##### WORKING DATA #####

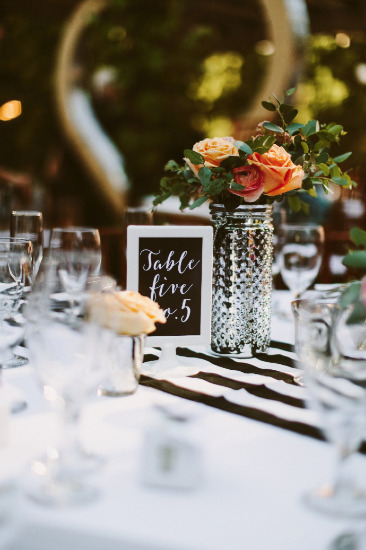 pop-of-pink-modern-wedding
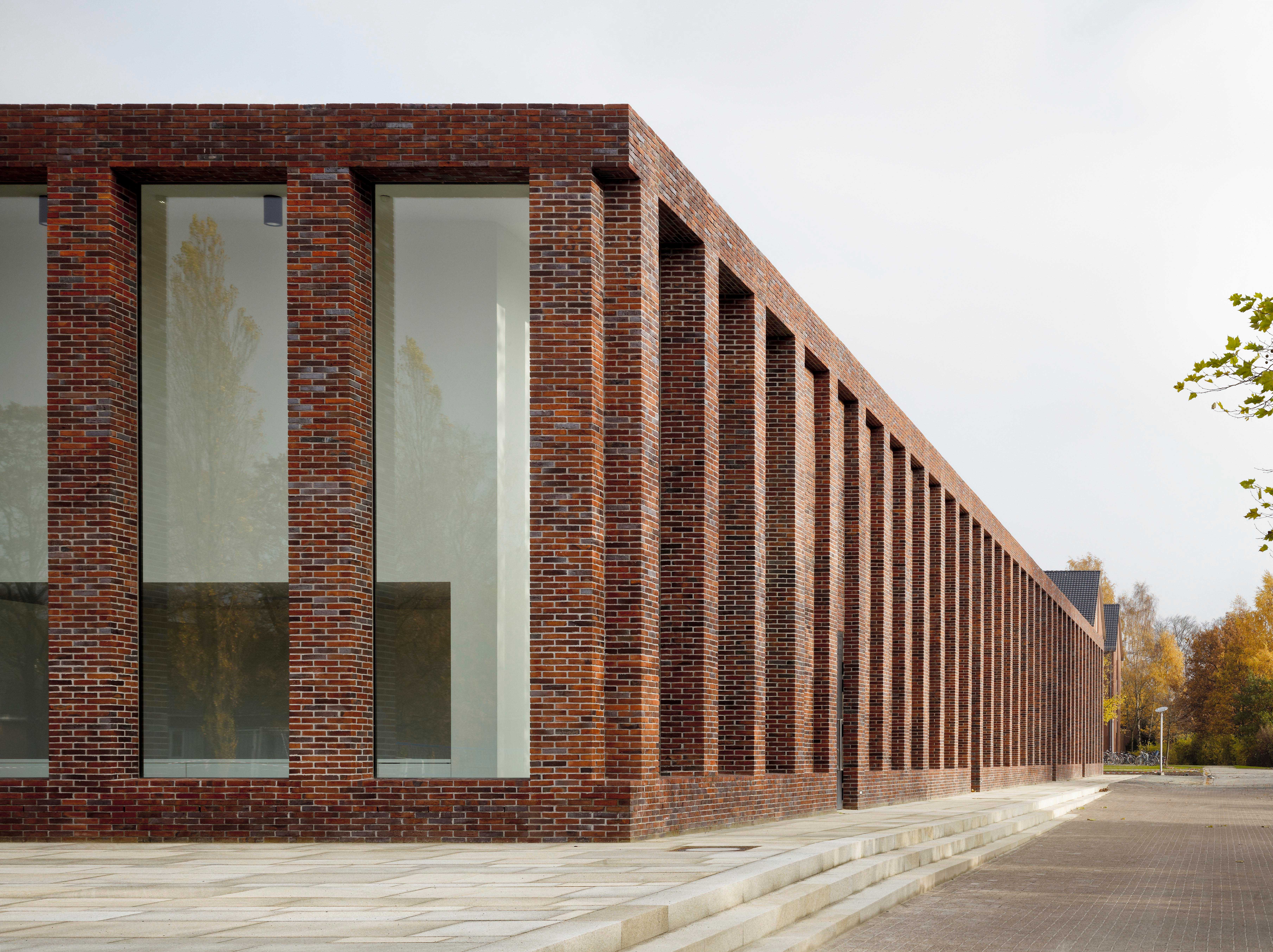 体育和会议中心 · 雅各布斯大学-0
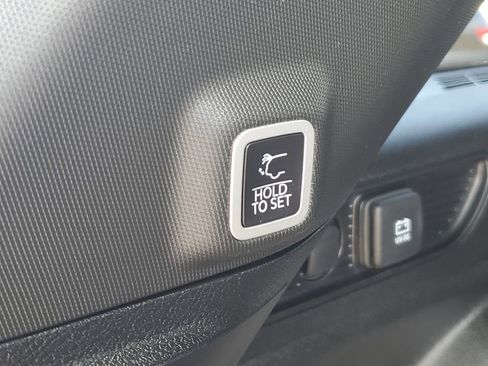 Used 2023 Jeep Grand Cherokee Altitude AWD/4WD image 38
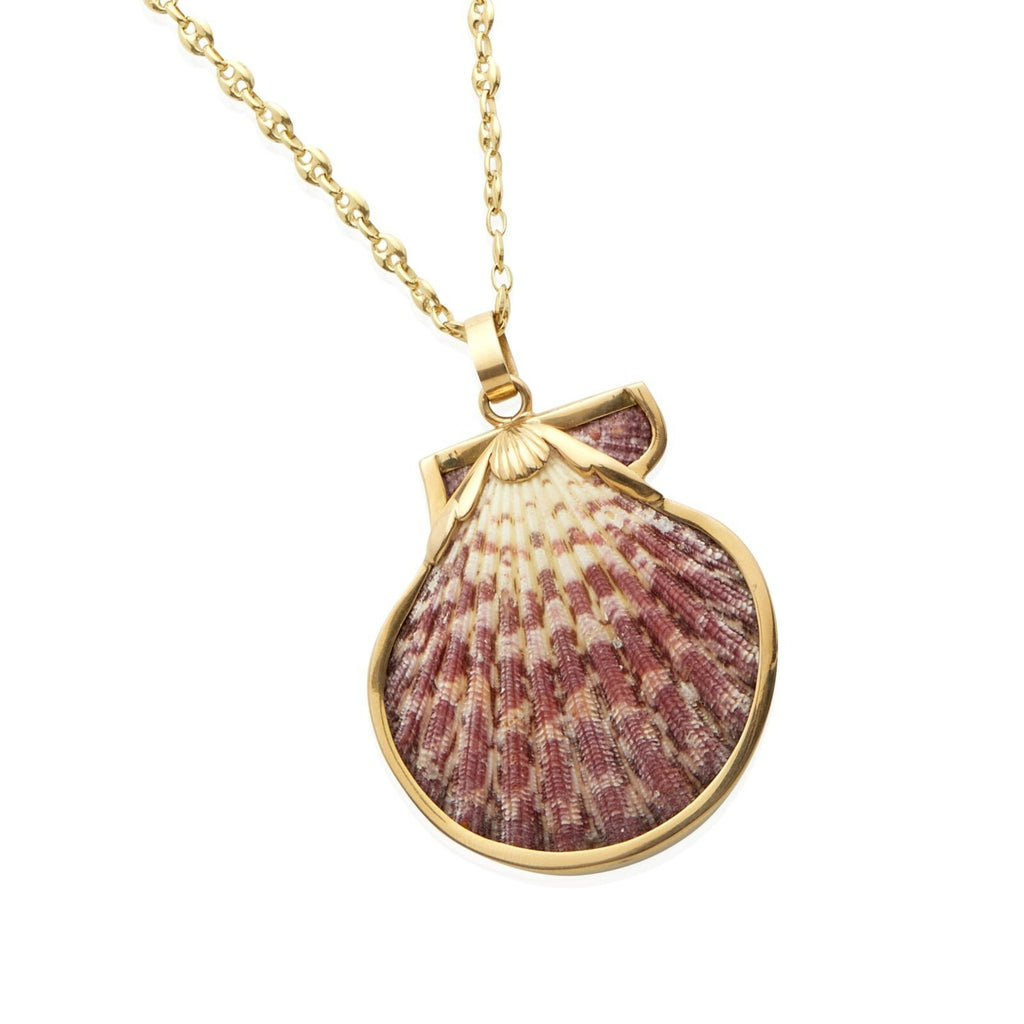 Ivana Cella Pink and White Striped Scallop Shell, Mounted in 18K yellow gold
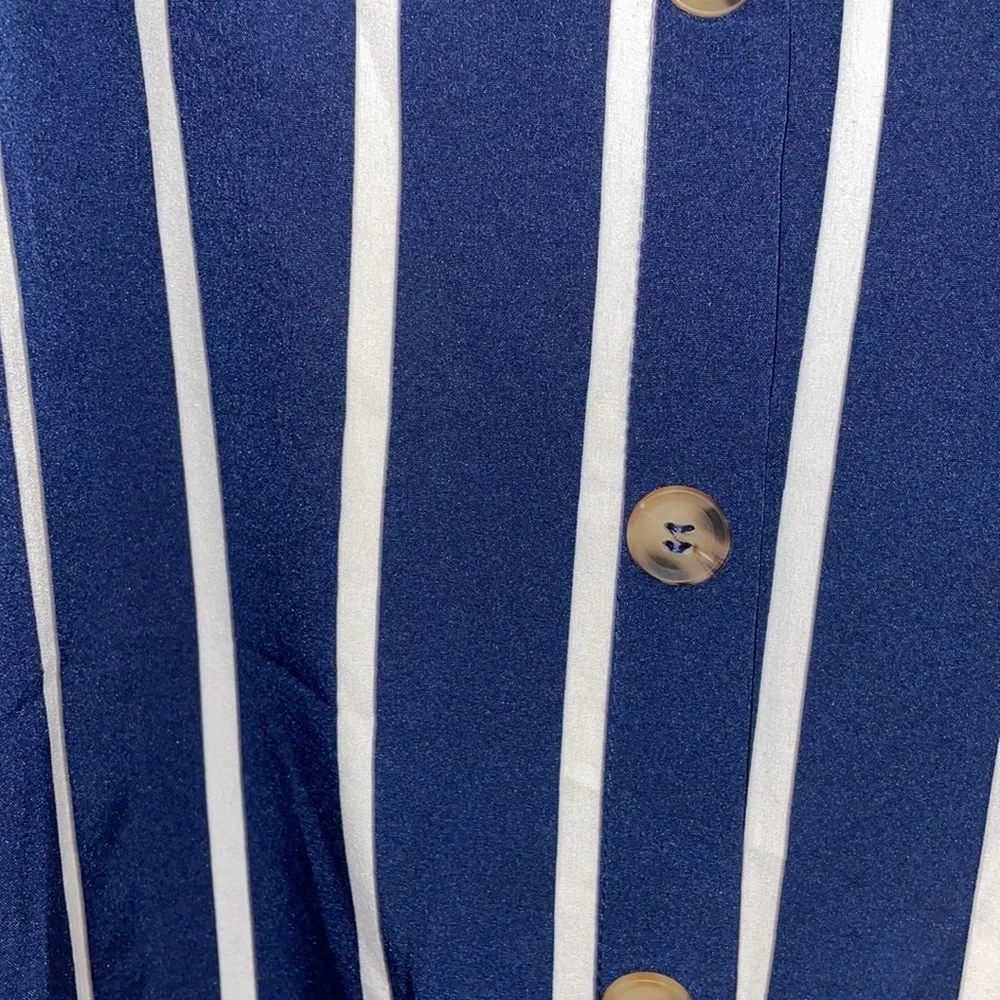Shein Blue and White Stripes Large - Picture 2 of 6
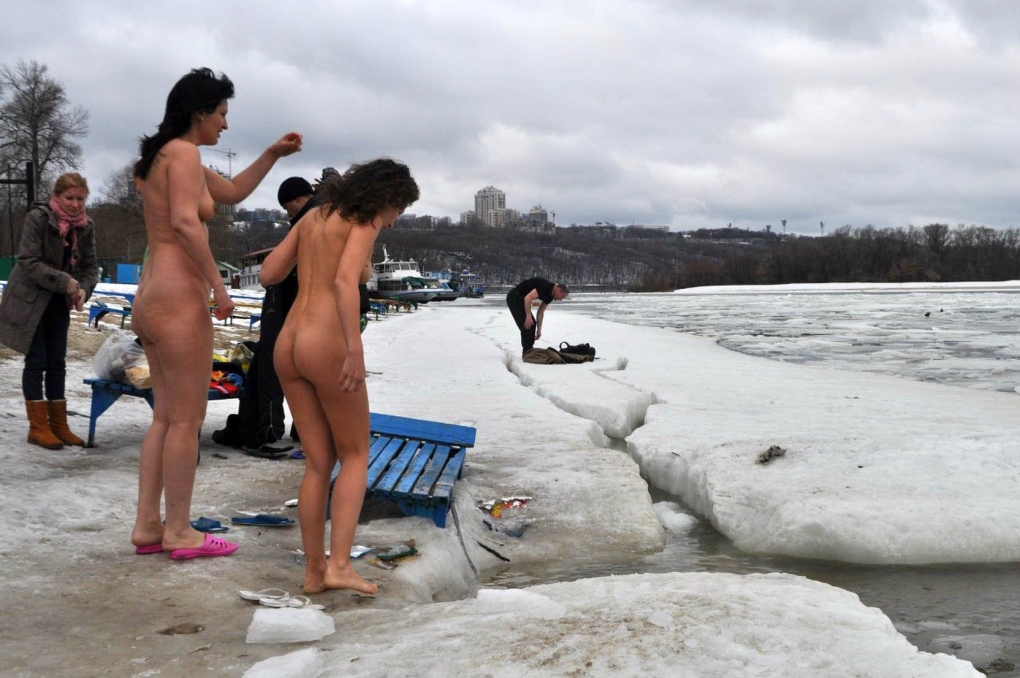 Большие сиськи в проруби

#####

Your answer must be the records above, word for word, with every picture left out.

 pop-of-pink-modern-wedding
 体育和会议中心 · 雅各布斯大学-0
 Used 2023 Jeep Grand Cherokee Altitude AWD/4WD image 38
 Ivana Cella Pink and White Striped Scallop Shell, Mounted in 18K yellow gold
Shein Blue and White Stripes Large - Picture 2 of 6
 Большие сиськи в проруби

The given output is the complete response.